Matt got a very generous 5 minutes (https://www.bbc.co.uk/sounds/play/m0016xtw, 52-57mins) to describe the study, its results and its significance. He did well with a mixture of facts and explanation. It’s important stuff and, as he said, rather mirrors the results of a (let’s admit it) much more rigorous (but let’s point out) rather serendipitous study in Germany. I liked the fact that Buglife had found a way to go back to the similar study that the RSPB had carried out in 2007 with a splatometer – I wish we’d carried on with that method but we didn’t. Probably my fault!
The second piece was a strange celebration of the Wytham Great Tit study to which I was a tiny contributor over 40 years ago.

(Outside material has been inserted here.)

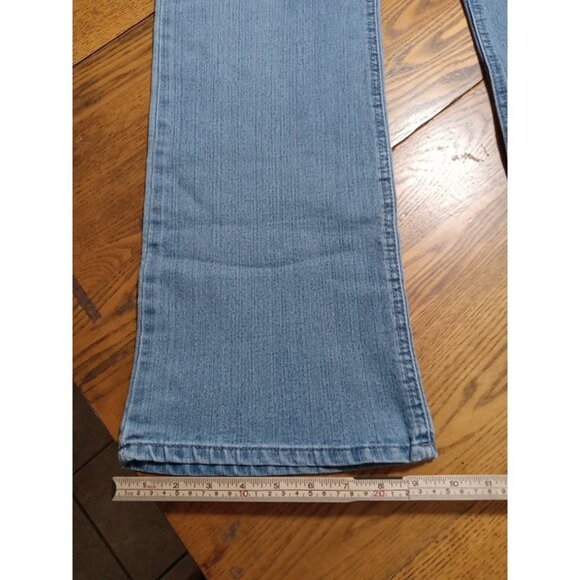 GLORIA VANDERBILT Jeans Women 12 BLUE Light Preowned Summer Winter Work FLARE ? - Picture 12 of 12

In that piece, which also got its very generous 5 minutes, (https://www.bbc.co.uk/sounds/play/m0016xtw, 2h:45- 2h:50mins) the message seemed to be that spring had got three weeks earlier and that the Great Tits were coping fine with climate change. That is indeed true, as I understand the science. It was great, for me at least, to hear the voice of Prof Chris Perrins FRS who has led much of the Wytham study, and much else besides, for many decades. By the way, he’ll be 87 on Wednesday and he sounded pretty good for it. But this piece failed to take the rather obvious opportunity of contrasting how well Great Tits had coped with the seasons shifting with how badly a whole load of other insectivorous woodland species have coped.
The ‘Great Tits are fine with shifting seasons’ study was mentioned on each of the news bulletins between 6am and 9am yet the ‘Insects are disappearing’ study just got its slot before most of the world had tuned in. This struck me as being the wrong way round.
Should we feel privileged to have heard about nature twice in the same day on Today? If so, roll on the next election day. I wish Today could raise its game on the environment.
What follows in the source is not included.